While this has been the status quo for the industry for quite some time, change appears to be afoot. Signals are coming by way of new government initiatives and new laws that are being implemented in Europe. As part of a more extensive climate bill, France, for example, passed a law requiring a “carbon label” to be included on garments and textiles to help inform consumers about the impact of their purchases. This law follows closely on the heels of an “anti-waste” law passed in 2020 by the French government that prohibits the destruction of excess inventory and samples, among other things, Gamble notes, saying that, taken together, these developments indicate that “fashion industry regulations and the larger regulatory environment is, indeed, shifting.”
All the while, the U.S. is seeing a rise in fashion-centric legislation that is worth keeping an eye on. With that in mind, here is a running list of key domestic legislation that industry occupants should be aware of – and we will continue to track developments for each and update accordingly …
(1) New York Fashion Workers Act
Introduced: March 23, 2022 by State Sen. Brad Hoylman and Assemblymember Karines Reyes
The New York Fashion Workers Act (S.8638-A / A.9762-A) aims to mandate registration of and impose duties upon model management companies and creative management companies,” and provide complaint procedures and penalties for violations by amending the New York state labor code. If enacted, the bill – which is co-sponsored by New York State Sen. Brad Hoylman and New York State Assembly Member Karines Reyes – will regulate management agencies and provide labor protection for figures designated as independent contractors, from runway models to makeup artists, stylists, and influencers, among others.
Key Provisions: The Fashion Works Act would create new compliance requirements for “retail stores, manufacturers, clothing designers, advertising agencies, photographers, publishing companies, or any other such person or entity that receives modeling services from a creative, directly or through intermediaries.” Such obligations center on things like payment (companies will be required to pay models/creatives within 45 days); contracts (companies will be required to provide models/creatives with copies of contracts and agreements; and contracts between a company and a model/creative will be limited to two years and cannot be renewed without affirmative consent); and disputes.
Civil penalties for failure to comply would include fines of up to $3,000 for the initial violation and up to $5,000 for each additional violation.

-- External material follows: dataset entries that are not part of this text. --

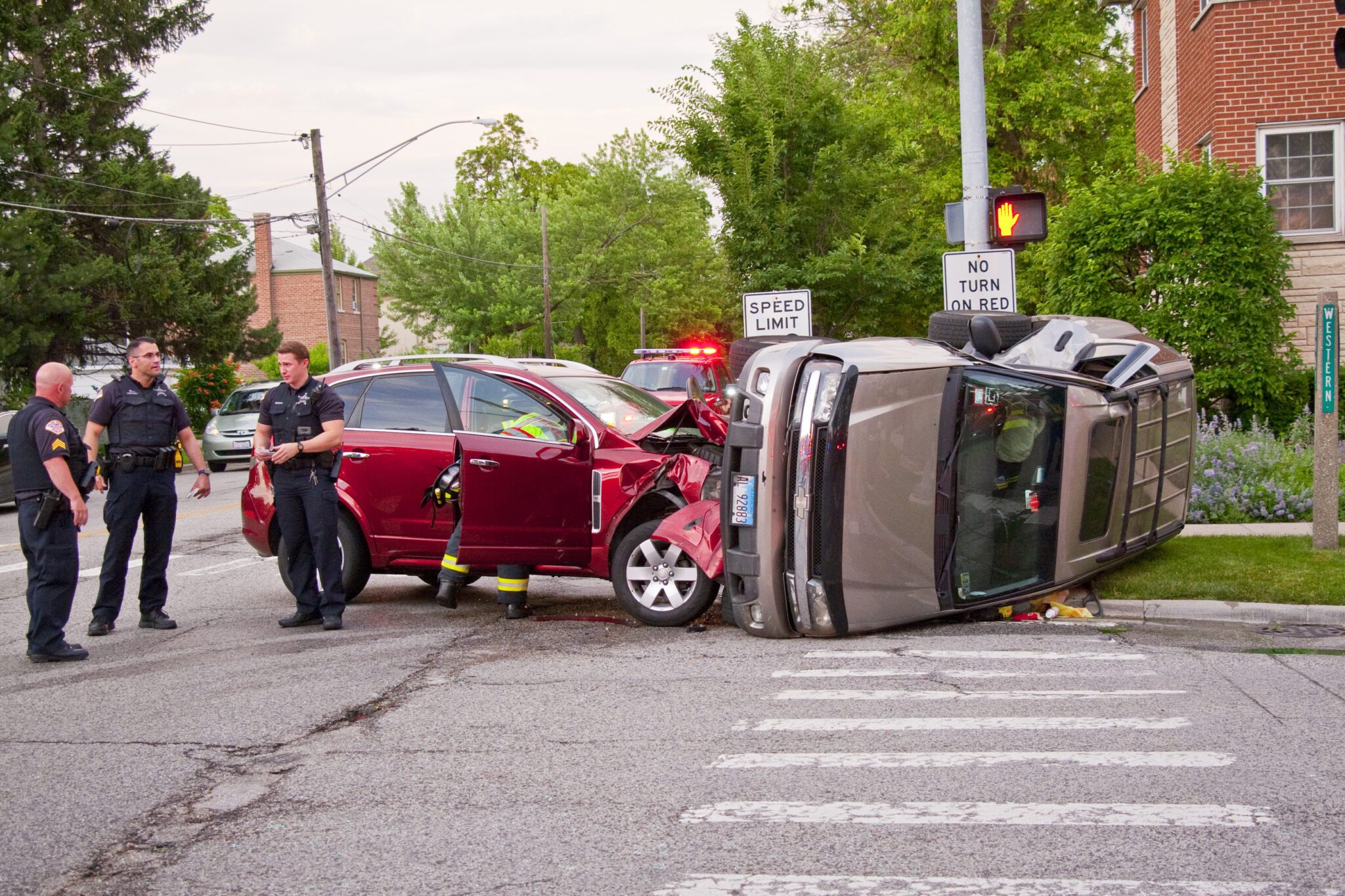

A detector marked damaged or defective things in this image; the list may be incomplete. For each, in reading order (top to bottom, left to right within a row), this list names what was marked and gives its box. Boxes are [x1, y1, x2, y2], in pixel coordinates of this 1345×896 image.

damaged red suv [240, 357, 725, 625]
overturned suv [709, 314, 1193, 638]
cracked asphalt [3, 473, 1345, 893]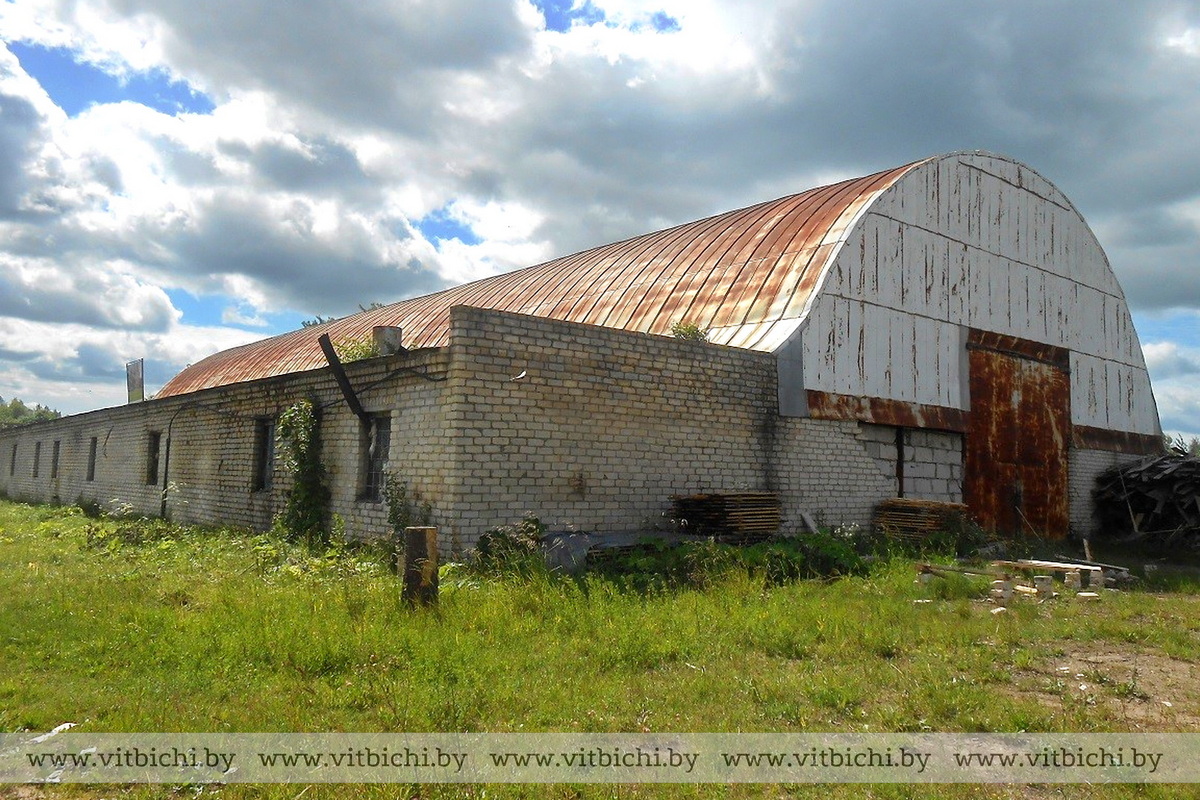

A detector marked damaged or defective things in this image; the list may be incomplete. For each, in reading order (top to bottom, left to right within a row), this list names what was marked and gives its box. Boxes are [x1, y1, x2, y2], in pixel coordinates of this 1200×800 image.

rusty corrugated roof [159, 157, 921, 398]
rusty streak on roof [159, 158, 921, 398]
rusty metal door [960, 331, 1075, 537]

Intentional failure to comply with registration constitutes a class B misdemeanor.
Potential Implications: “Construed broadly,” Morgan Lewis attorneys Leni Battaglia, Melissa Rodriguez, and Carolyn Corcoran state that the bill “could have massive implications not only for traditional model or creative management companies using fee-based structures, but also for retailers who directly hire models/creatives for studio photoshoots and ad campaigns.”
Current Status: The Fashion Workers Act advanced out the Senate Labor committee, but failed to receive a final floor vote in the final days of the session. It will be considered in the 2023 legislative session, which begins in January.
(2) Fashioning Accountability and Building Real Institutional Change Act
Introduced: May 12, 2022 to Senate by U.S. Sen. Kirsten Gillibrand (D-NY); Jul. 21, 2022 to House of Rep. by Rep. Carolyn Maloney
Aimed at “accelerat[ing] domestic apparel manufacturing and establishing new workplace protections to cement the U.S. as the global leader in responsible apparel production, the Fashioning Accountability and Building Real Institutional Change (“FABRIC”) Act (S.4213 / H.R. 8473) would “amend the Fair Labor Standards Act of 1938 to prohibit employers from paying employees in the garment industry by piece rate, to require manufacturers and contractors in the garment industry to register with the Department of Labor, and for other purposes.”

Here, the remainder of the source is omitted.